Iran and China’s Sinopec could sign a long-awaited final multi-billion-dollar agreement for the development of the Yadavaran onshore oilfield, the Iranian oil minister said.
“Iran could probably sign a contract this evening with China’s Sinopec to develop Yadavaran,” Gholam Hossein Nozari told reporters on the sidelines of an oil conference.
“If not today, it will be in two weeks’ time. We are still in talks,” the oil minister said.
In late October 2004, Iran and Sinopec inked an initial agreement to develop Yadavaran in southwestern Iran, which is estimated to hold more than three billion barrels of recoverable crude.
Based on that memorandum of understanding, China was to have a 51 per cent share in the project.
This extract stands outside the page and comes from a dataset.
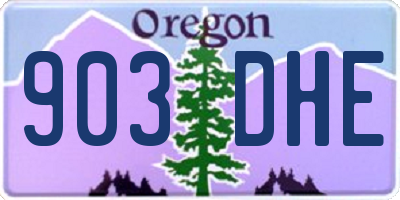 OR license plate 903DHE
But Nozari refused to disclose the final financial details.
The agreement also involves China’s purchase of an annual 10 million tonnes of Iranian liquefied natural gas for 25 years, beginning in 2009.
Iran and China have significant economic ties and Beijing is the second largest importer of Iranian goods after Japan.
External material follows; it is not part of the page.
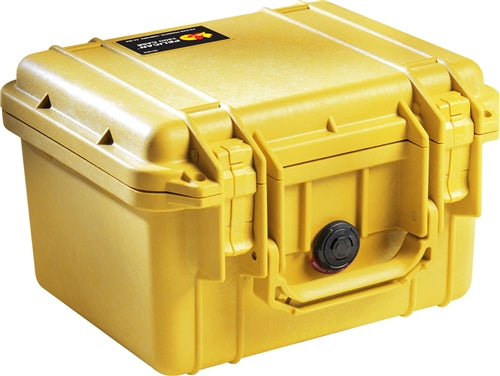 Pelican 1300NF Protector Case with No Foam (Empty), Yellow (ID 9.17" x 6.99" x 6.15") Mfr# 1300-001-240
China is a veto-wielding permanent member of the UN Security Council and has until now been reluctant to support fully a US-led drive to impose a third set of UN sanctions against Tehran because of its nuclear programme.
The United States has been pressuring European and Asian countries to cut their business ties with Iran as another lever to exert pressure on the Islamic republic in the atomic standoff.